WHAT THE TASK ASKS =
From the records that follow, return exactly the lines beginning at the one that contains "Coque Samsung Galaxy" and ending at the one that contains "キャットレディースFor Kamala (7) ラウンドシール (正面)", pictures left out.

GIVEN DATA =
*** Block opens ***
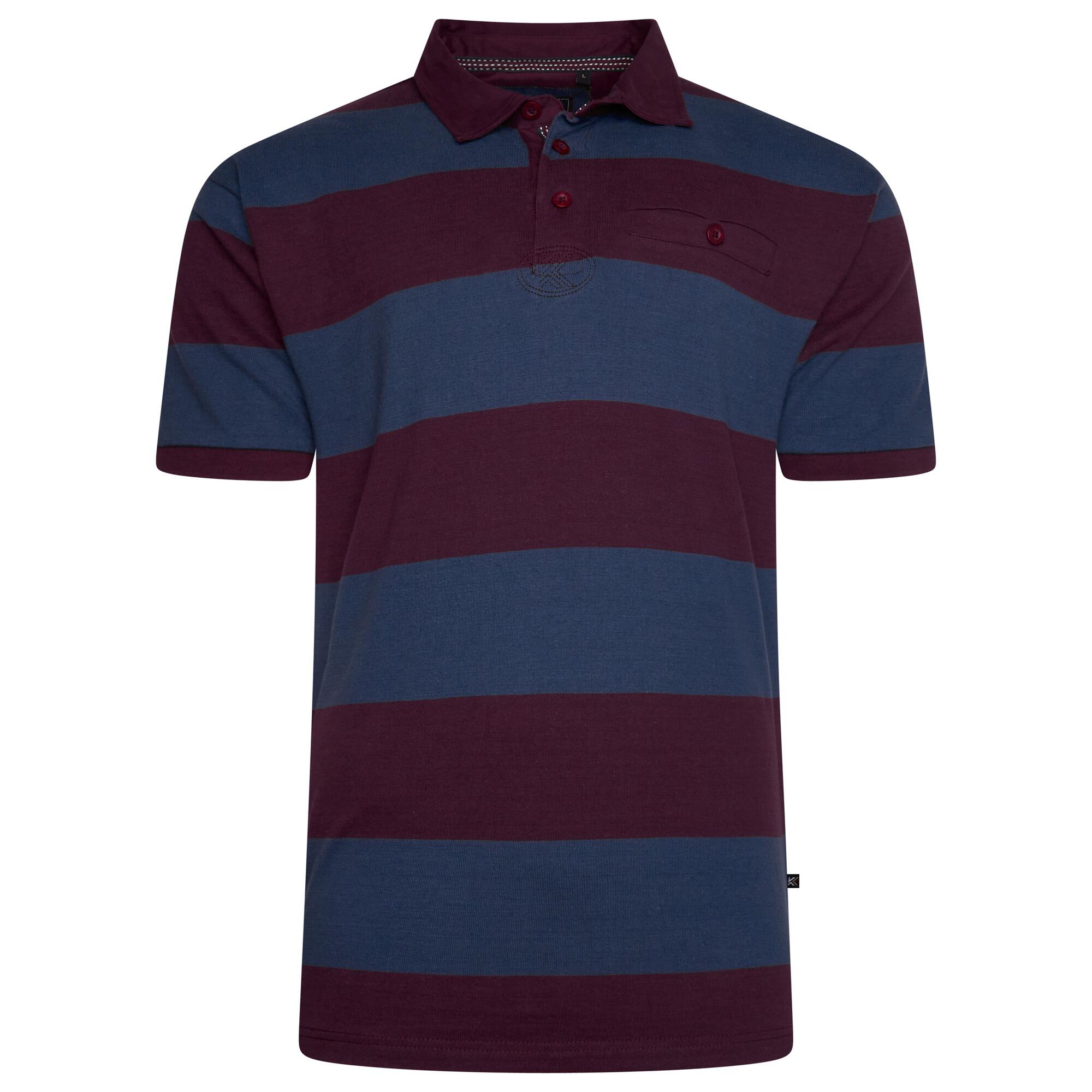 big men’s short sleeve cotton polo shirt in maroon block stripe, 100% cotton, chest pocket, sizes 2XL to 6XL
*** Block closes ***
*** Block opens ***
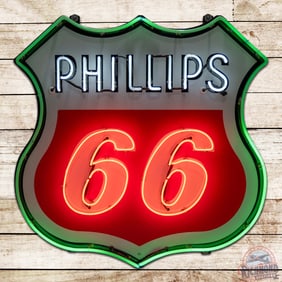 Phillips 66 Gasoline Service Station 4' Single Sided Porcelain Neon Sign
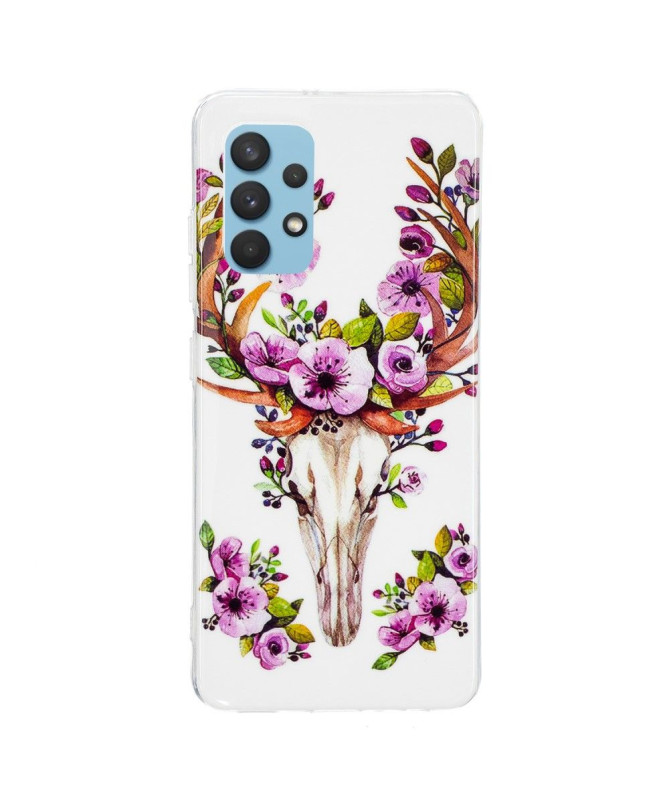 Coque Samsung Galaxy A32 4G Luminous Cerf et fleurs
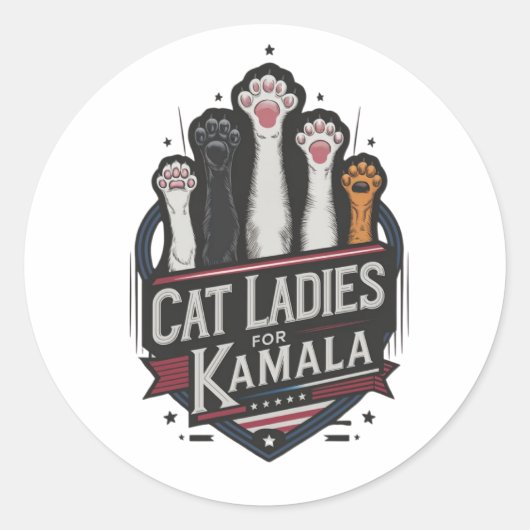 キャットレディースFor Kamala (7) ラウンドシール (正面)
*** Block closes ***
TASK OUTPUT =
 Coque Samsung Galaxy A32 4G Luminous Cerf et fleurs
 キャットレディースFor Kamala (7) ラウンドシール (正面)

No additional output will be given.